Представлялось это так. Противник внезапно нападает на наше Отечество и в приграничном сражении наносит поражение нашим войскам, составляющим первый стратегический эшелон. В ходе боев он вклинивается на значительную глубину. Страна в сложных условиях переходит на военное положение, отмобилизовывает главные силы и, проведя крупные контрнаступательные операции, выталкивает противника с нашей территории. В итоге наши войска закрепляются по государственной границе. Стрелы контрударов на картах были соответственно нарисованы только до границы. И всё!

А где же возмездие?

Получалось, что агрессор, развязав войну внезапным ударом, захватил стратегическую инициативу (это обычное для агрессора преимущество), нанес нам ущерб, но под ударами наших войск вынужден лишь покинуть нашу территорию, не расплатившись за всё то, что он натворил.
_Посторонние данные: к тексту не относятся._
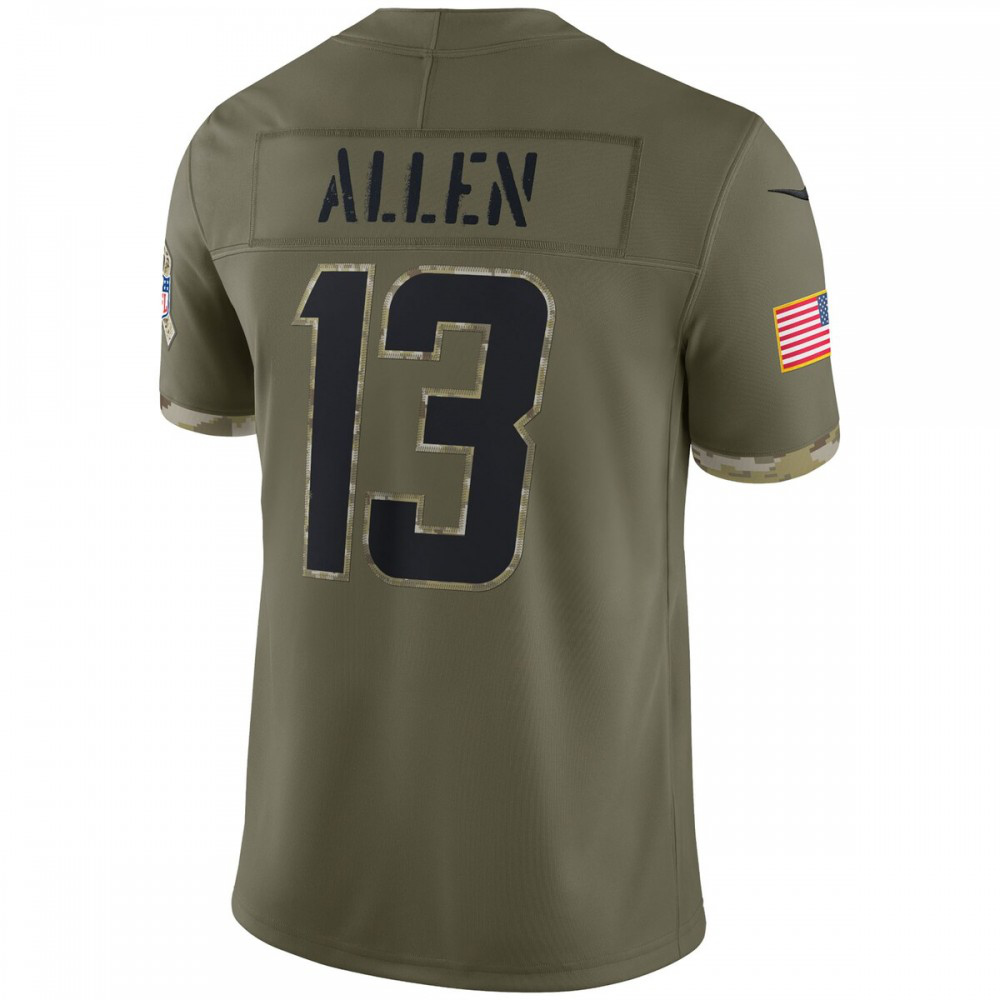 Keenan Allen Los Angeles Chargers Nike 2022 Salute To Service Limited Jersey - Olive-GridironStore
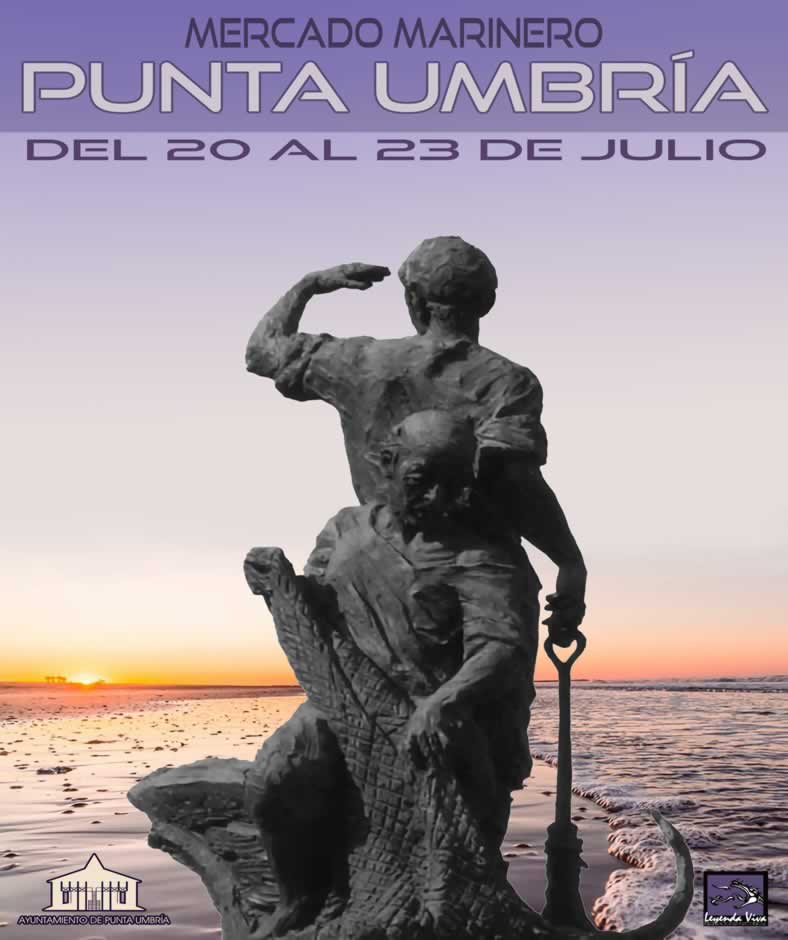 Mercado marinero en Punta Umbria, Huelva Julio 2023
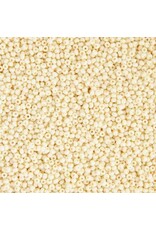 Czech 40040 10  Seed Opaque Bone Brown s/g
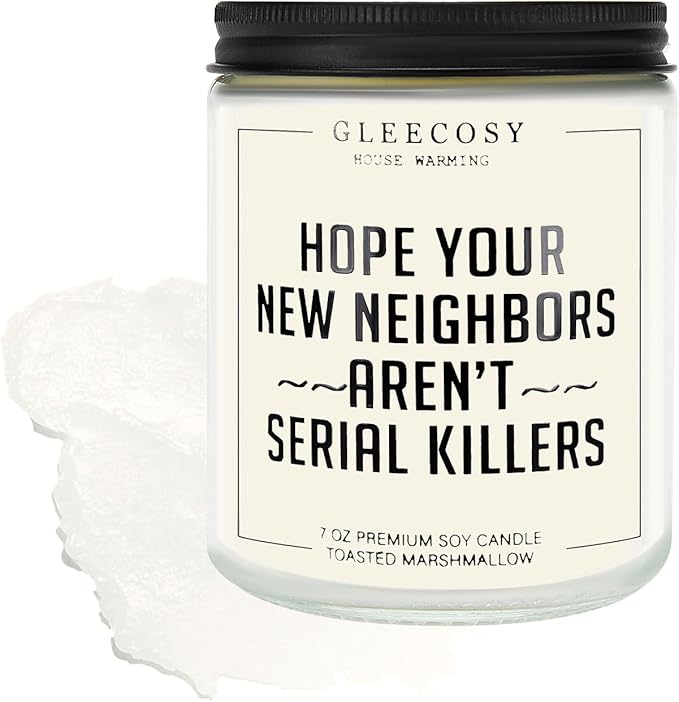 Home Housewarming Scented Candle – Funny New House Warming Gift Ideas for Apartment, Neighbor, Homeowners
А мы, так сказать, с позиций «общечеловеческих» ценностей не наказываем противника, не ведем дело до полного его разгрома, а лишь выдворяем за пределы нашей страны.
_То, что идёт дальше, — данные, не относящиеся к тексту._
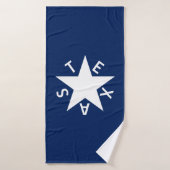 De Zavala (Flagge der Republik Texas) Badehandtuch (Badehandtuch)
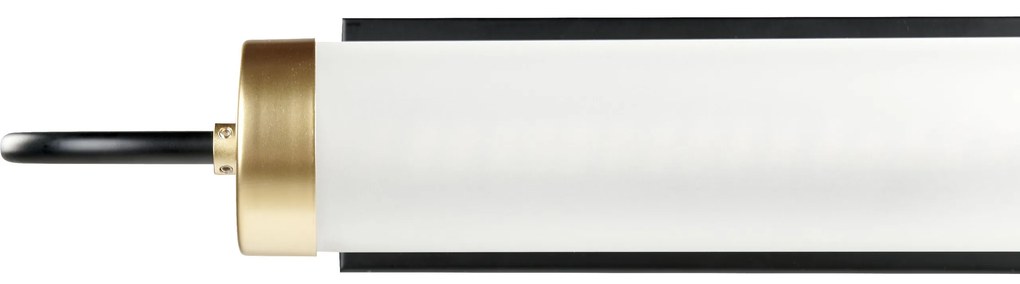 Candeeiro de parede LED em metal preto e dourado 43 cm HENRY Beliani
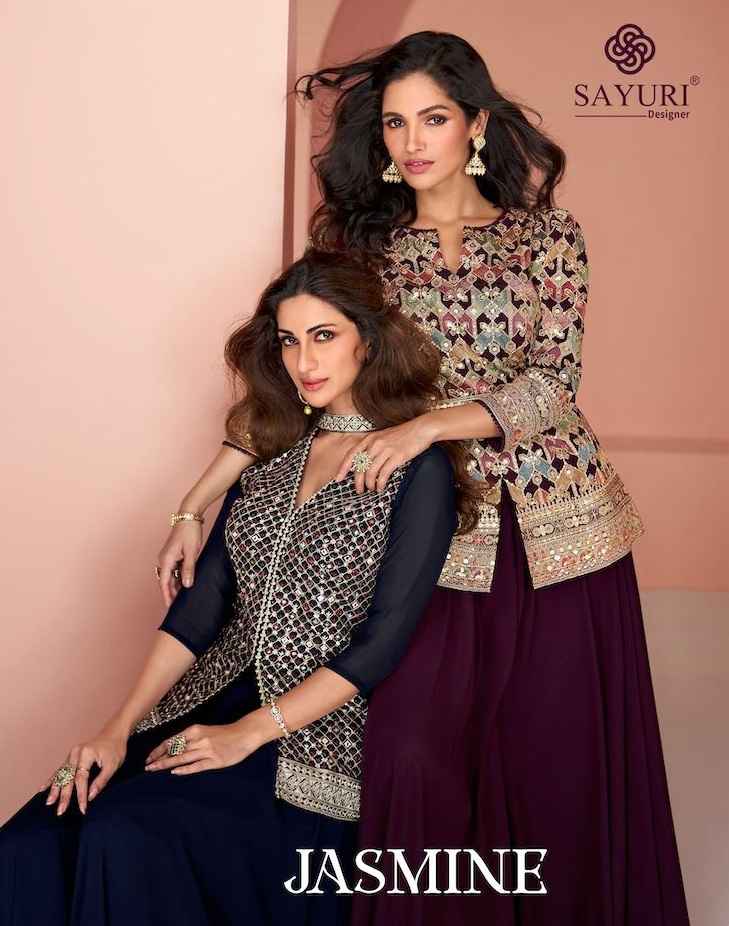 Sayuri Designer Jasmine Readymade Georgette Dress 4 pcs Catalogue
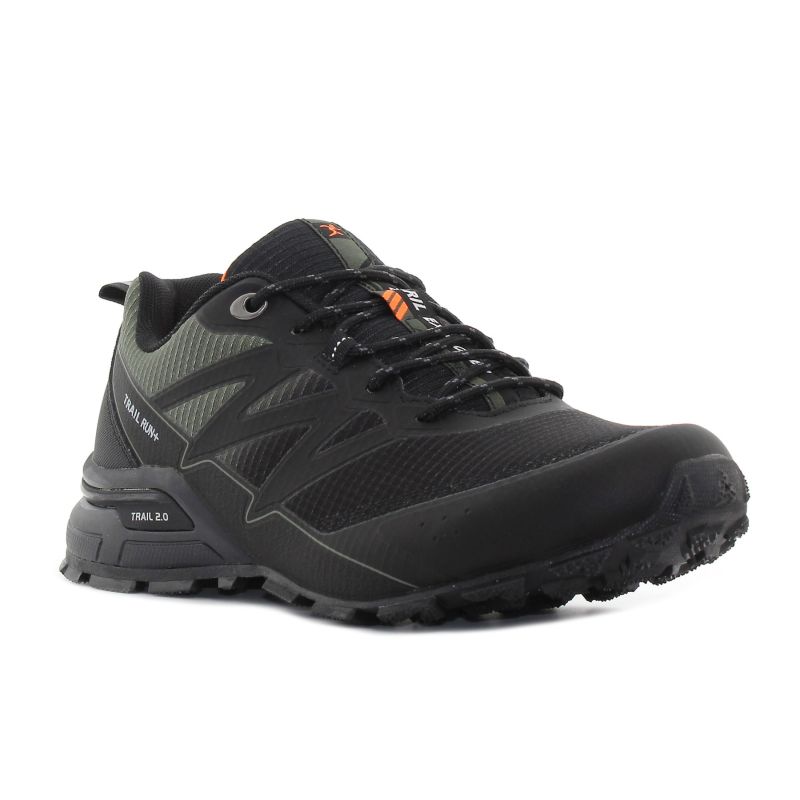 Knup - Trail Run fekete férfi sneaker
Кто-нибудь и когда-нибудь видел такие перекосы в сознании военачальников? Это было ясно выраженное стремление попасть в струю общей предательской политической линии, которая негласно признавала (вопреки интересам нашего народа и национальной безопасности нашего советского государства) поражение Советского Союза в «холодной войне». А раз так, то, мол, победителю всё дозволено, в том числе развязывание агрессивных действий, за которые он никогда не поплатится. И этим духом были пронизаны все документы. Это сквозило и в основном докладе, с которым выступил начальник Генерального штаба генерал армии Михаил Алексеевич Моисеев. Естественно, все содокладчики обязаны были выступить в унисон.
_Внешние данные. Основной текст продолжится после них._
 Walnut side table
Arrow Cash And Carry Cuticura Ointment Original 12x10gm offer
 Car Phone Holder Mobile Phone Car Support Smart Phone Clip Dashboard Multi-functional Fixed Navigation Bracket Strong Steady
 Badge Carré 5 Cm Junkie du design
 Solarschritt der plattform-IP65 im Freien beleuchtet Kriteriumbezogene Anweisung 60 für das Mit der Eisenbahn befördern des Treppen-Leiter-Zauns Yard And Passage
Я не мог допустить, чтобы эта пораженческая либерально-просительная позиция еще пока Великой Державы получила на конференции одобрение, а затем развитие. Поэтому, собравшись с мыслями, я выступил против этой линии.

У меня сохранились записи, которые я делал в ходе этой конференции, в том числе и весь текст моего выступления, хотя по ходу я делал и различные отступления от него. Поэтому расскажу о ней подробнее.

Конференцию вступительным словом открыл министр обороны СССР маршал Советского Союза Д. Т. Язов. С основным докладом на тему «Актуальные проблемы современного этапа строительства Вооруженных Сил в свете требований оборонительной военной доктрины и реализации концепции оборонной достаточности» выступил начальник Генерального штаба генерал армии М. А. Моисеев. Доклад полностью перекликался со схемами и картами, развешанными по всему залу.

Говоря об уровнях военной опасности и военной угрозе, М. А. Моисеев отметил, что сегодня маловероятен широкомасштабный военный конфликт между Востоком и Западом, тем более что снята угроза мировой ракетно-ядерной войны. Надо сказать, что он был по-своему прав. Точнее, он докладывал почти истину, которая отражала на то время позицию Запада. Но здесь надо было добавить, что Западу нет никакого резона ставить в повестку дня какие-либо конфликты с Востоком (точнее, с Советским Союзом) в условиях, когда Восток разваливается. И не просто разваливается, а страны — бывшие члены Варшавского Договора переходят на другую сторону баррикад. Благодаря «эффективной» разлагающей работе Горбачева — Яковлева эти страны, особенно Польша, стали врагами Советского Союза. Да и в самом СССР шли процессы развала государства.

Спрашивается — зачем планировать какие-то боевые действия, когда враг сам себя уничтожает?! Западу просто надо было немного подождать, и время сделает, что им надо. Поэтому начальник Генштаба был прав, говоря, что большая война сегодня маловероятна. Ему только надо было бы добавить: «Запад и без военных действий добивается своих военно-политических и стратегических целей».